Budynek parlamentu w Budapeszcie (Fot. iStock)
Budynek parlamentu w Budapeszcie (Fot. iStock)
Zobacz galerię 9 zdjęć
Choć specyfika języka skazuje Węgrów na pewnego rodzaju wyobcowanie, to ich wynalazki znane są na całym świecie. Otwarci, kreatywni i spokojni. Jacy jeszcze są Węgrzy?

Węgrzy – charakter

Zacznijmy od tego, że Węgrzy to bardzo otwarci, przyjaźni ludzie. Choć cenią sobie zacisze domowego ogniska, to nie mają kłopotów z zawieraniem nowych znajomości, także z obcokrajowcami. I nie przeszkadza im w tym niechęć do mówienia w obcych językach, choć nie jest to obca im umiejętność. (Na budapeszteńskim uniwersytecie od lat na dobrym poziomie utrzymuje się na przykład filologia polska i co więcej, cieszy się zainteresowaniem). Komunikację szczęśliwie ułatwia to, że Węgrzy lubią pić trunki wyskokowe. W dodatku po małym piwku czy winie nie przełączają się na tryb „agresja”, nawet podczas masowych imprez. W ich kraju nie strach zatem iść z dziećmi na mecz piłkarski czy uczestniczyć w dużych plenerowych koncertach. Jak wszędzie i tu są miejsca mniej bezpieczne, ale odrobina rozsądku wystarczy, by nie wpakować się w kłopoty.

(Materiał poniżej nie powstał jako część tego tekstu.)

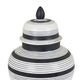 Decorative Jar w Lid Minimalist Contrast White Blue Lines 16 Inch BM331437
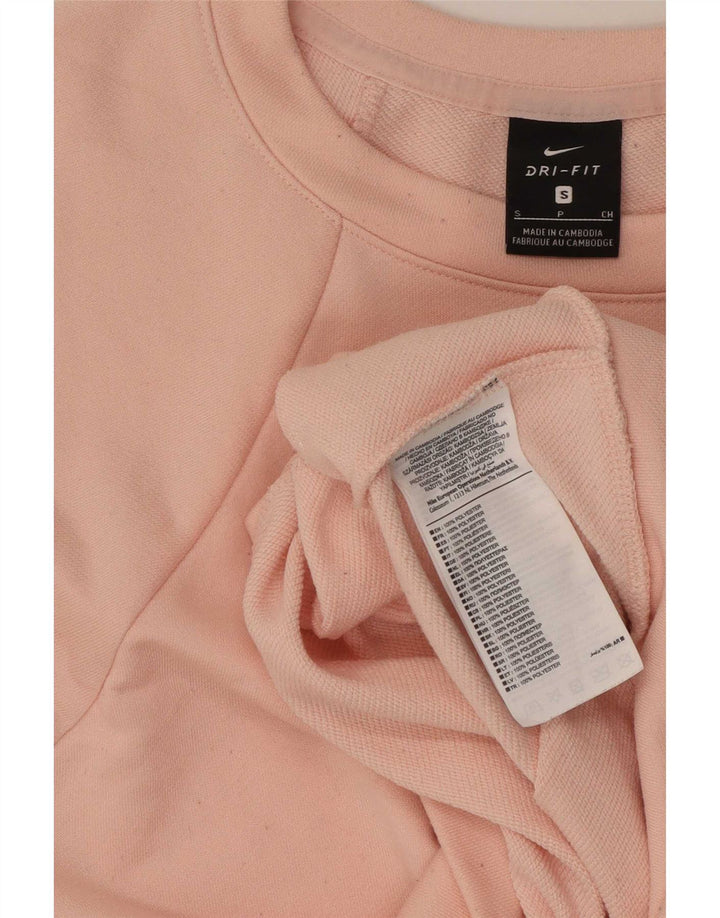 Nike Womens Oversized Graphic Crop Sweatshirt Jumper UK 10 Small Pink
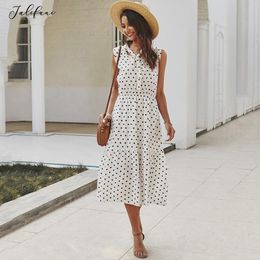 Women Polka-dot Pink White Ruched Midi Dresses Ladies Elegant Lacing-Up Bow Tie Casual Summer Clothes For Women 210415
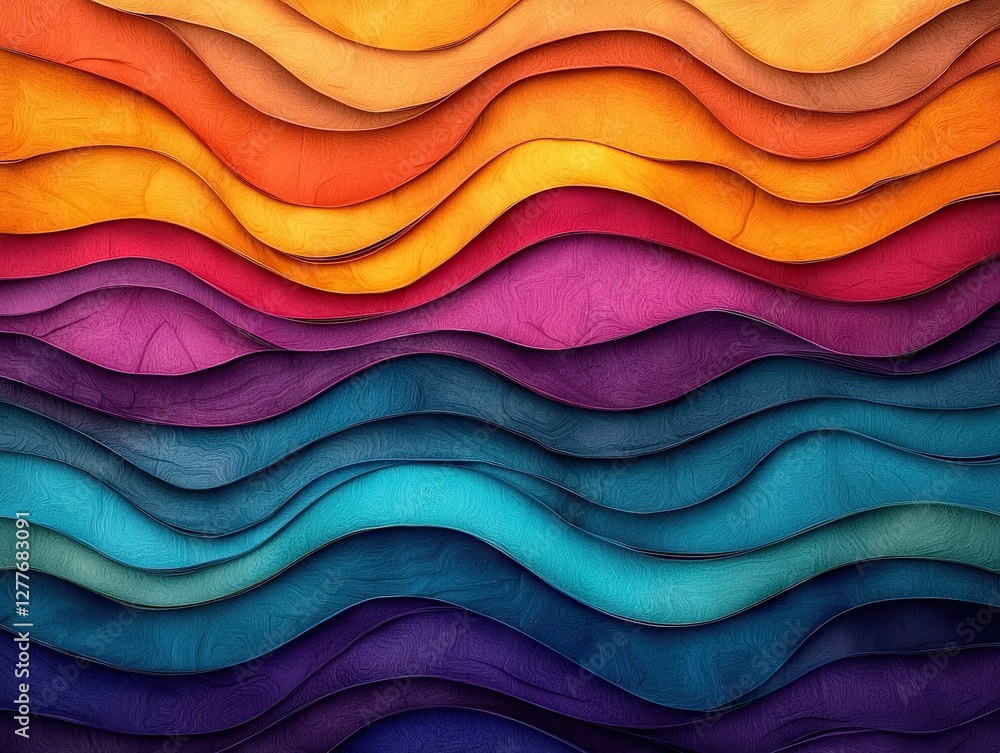 Poster dynamic waves of color abstract artwork digital art vibrant environment close-up view creative desig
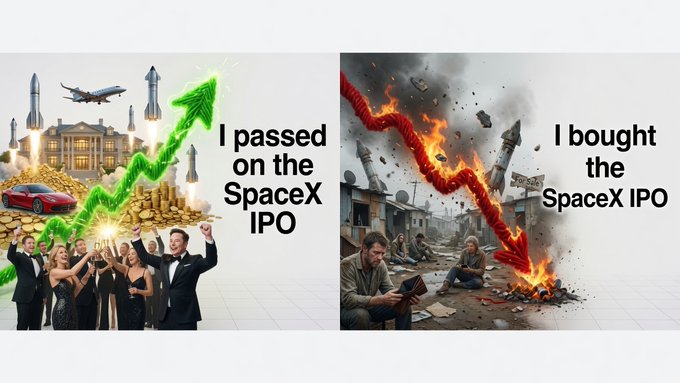 The image shows two sides of a coin with either "Passed on the SPCX" written above or below them, depending on which side you're viewing from. In addition, there are people in suits, possibly representing companies like SPCX, sitting near the coins, and it appears to be an advertisement for something related to space travel, such as a spacecraft or an event that involves it. The primary message of this post is "I bought on the SPCX I passed."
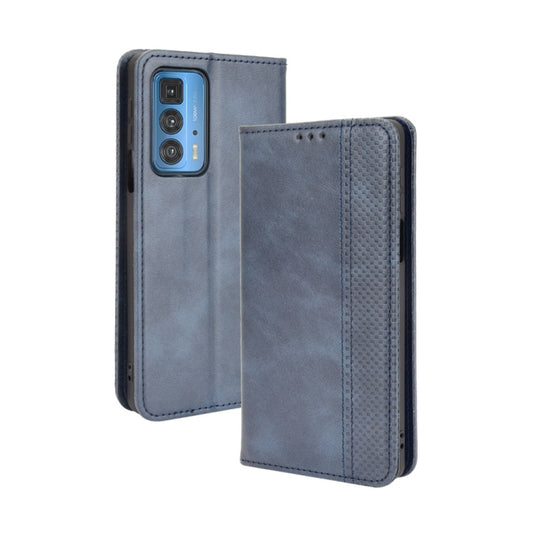 For Motorola Edge 20 Pro / Edge S Pro Magnetic Buckle Retro Crazy Horse Texture Horizontal Flip Leather Case with Holder & Card Slots & Photo Frame(Blue) - Motorola Cases by buy2fix | Online Shopping UK | buy2fix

I od razu wypada zaznaczyć, że Węgry w europejskich statystykach przestępczości wypadają znakomicie. Obok Słowacji i Liechtensteinu mają najniższy odsetek wykroczeń.

Pod tym względem na pewno warto brać z nich przykład, ale jak okaże się dalej – jeszcze niejedna węgierska cecha mogłaby nas pozytywnie zainspirować. Jaka? Choćby życiowy slow wynikający z natury, a nie przelotnej mody.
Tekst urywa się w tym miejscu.